Roving Reporter
By Ernie Pyle
In Italy – (by wireless)
Around the airdrome they joke about how one pilot won his victory over an enemy plane.
It seems he caught a tiny observation plane, similar to our Cubs, while he was out on a low-level mission. As soon as the frightened little enemy saw our ships, he got as low to the ground as he could. One of our planes pulled up and came down at him in a dive. The little plane was so slow that our pilot misjudged its speed and completely missed him. But as he shot on past, his propeller blast caught the little ship, threw it upside down, and it dived into the ground – quite fatally.
There’s more than one way to skin a cat, as they say.
You laugh at some very sad things in wartime. For instance, the pilots tell with merriment about the fate of a German motorcyclist.
Our planes were strafing a mountain road one day. They saw this German motorcyclist, who in his terror kept looking back over his shoulder at the approaching planes, and consequently rode right off the highway and over the edge of a 400-foot cliff.

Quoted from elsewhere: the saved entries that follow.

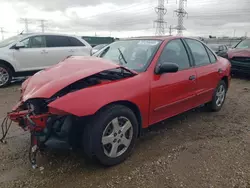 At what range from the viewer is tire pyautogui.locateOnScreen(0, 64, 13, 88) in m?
6.79

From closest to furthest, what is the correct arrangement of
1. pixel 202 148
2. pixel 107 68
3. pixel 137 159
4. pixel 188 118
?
pixel 107 68 → pixel 137 159 → pixel 202 148 → pixel 188 118

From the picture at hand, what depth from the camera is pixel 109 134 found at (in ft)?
8.55

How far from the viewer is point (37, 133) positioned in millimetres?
2404

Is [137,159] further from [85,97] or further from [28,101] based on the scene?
[28,101]

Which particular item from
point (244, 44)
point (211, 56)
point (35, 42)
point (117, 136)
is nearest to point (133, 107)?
point (117, 136)

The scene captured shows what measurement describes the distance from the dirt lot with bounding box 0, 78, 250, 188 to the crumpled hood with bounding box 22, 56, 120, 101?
859 millimetres

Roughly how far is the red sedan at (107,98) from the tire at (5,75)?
448cm

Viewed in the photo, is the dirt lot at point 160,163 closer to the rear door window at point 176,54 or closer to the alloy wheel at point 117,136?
the alloy wheel at point 117,136

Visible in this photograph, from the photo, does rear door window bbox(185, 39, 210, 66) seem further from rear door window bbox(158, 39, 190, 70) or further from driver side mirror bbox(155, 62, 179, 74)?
driver side mirror bbox(155, 62, 179, 74)

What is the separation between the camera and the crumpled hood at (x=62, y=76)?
2.40 meters

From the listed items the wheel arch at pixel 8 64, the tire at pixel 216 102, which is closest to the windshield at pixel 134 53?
the tire at pixel 216 102

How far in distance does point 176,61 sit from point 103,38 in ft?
104

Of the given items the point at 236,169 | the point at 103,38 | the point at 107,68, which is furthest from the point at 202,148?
the point at 103,38

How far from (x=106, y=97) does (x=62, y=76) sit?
1.90 ft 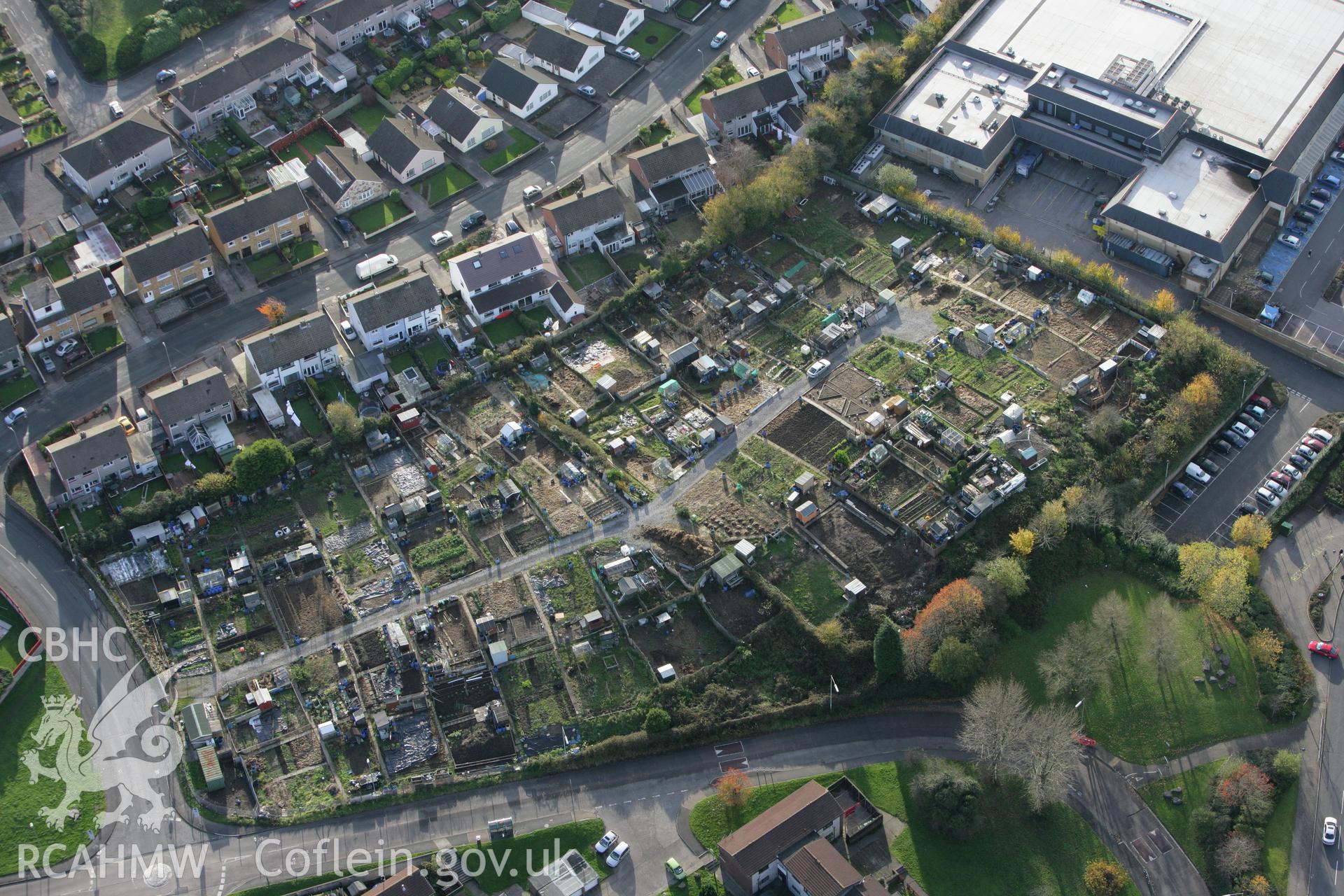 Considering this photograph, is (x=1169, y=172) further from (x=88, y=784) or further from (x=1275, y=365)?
(x=88, y=784)

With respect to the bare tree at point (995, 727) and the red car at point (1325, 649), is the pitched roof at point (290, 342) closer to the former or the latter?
the bare tree at point (995, 727)

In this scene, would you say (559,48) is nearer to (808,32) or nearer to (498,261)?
(808,32)

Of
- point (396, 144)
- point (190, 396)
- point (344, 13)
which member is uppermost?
point (344, 13)

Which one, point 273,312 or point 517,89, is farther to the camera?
point 517,89

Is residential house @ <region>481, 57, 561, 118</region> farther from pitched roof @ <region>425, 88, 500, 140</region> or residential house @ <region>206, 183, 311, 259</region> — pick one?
residential house @ <region>206, 183, 311, 259</region>

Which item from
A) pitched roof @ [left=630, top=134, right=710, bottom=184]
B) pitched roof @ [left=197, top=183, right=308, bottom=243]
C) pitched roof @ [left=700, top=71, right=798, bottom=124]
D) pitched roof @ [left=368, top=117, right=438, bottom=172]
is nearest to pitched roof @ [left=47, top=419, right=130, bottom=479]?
pitched roof @ [left=197, top=183, right=308, bottom=243]

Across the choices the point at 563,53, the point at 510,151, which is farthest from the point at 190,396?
the point at 563,53

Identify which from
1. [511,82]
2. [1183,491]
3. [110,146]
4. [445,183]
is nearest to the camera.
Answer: [1183,491]

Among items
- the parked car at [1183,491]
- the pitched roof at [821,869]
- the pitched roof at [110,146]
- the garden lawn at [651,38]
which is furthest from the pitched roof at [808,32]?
the pitched roof at [821,869]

In describing what it feels like to fly one of our high-powered fighting planes, one of our pilots said:
You’re just sitting there with a thousand horses in your lap and a feather in your tail.
Mushily patriotic scenes booed
One night I went into a little Italian town with some pilots to see the movie This Is the Army. The Air Forces had taken over a local theater, and as long as you were in uniform all you had to do was to walk in and sit down. About a third of the audience were pilots and the rest mechanics. I couldn’t help but be interested in their reaction to the picture. On the whole they applauded, but every time the action got a little gooey or mushily patriotic, you could hear a combination boo and groan go through the audience. Soldiers at the front can’t stomach flag-waving from back home.
I’ve just had a letter from a couple of lieutenants in the Army Postal Service enclosing their plan for saving soldiers a lot of letter writing.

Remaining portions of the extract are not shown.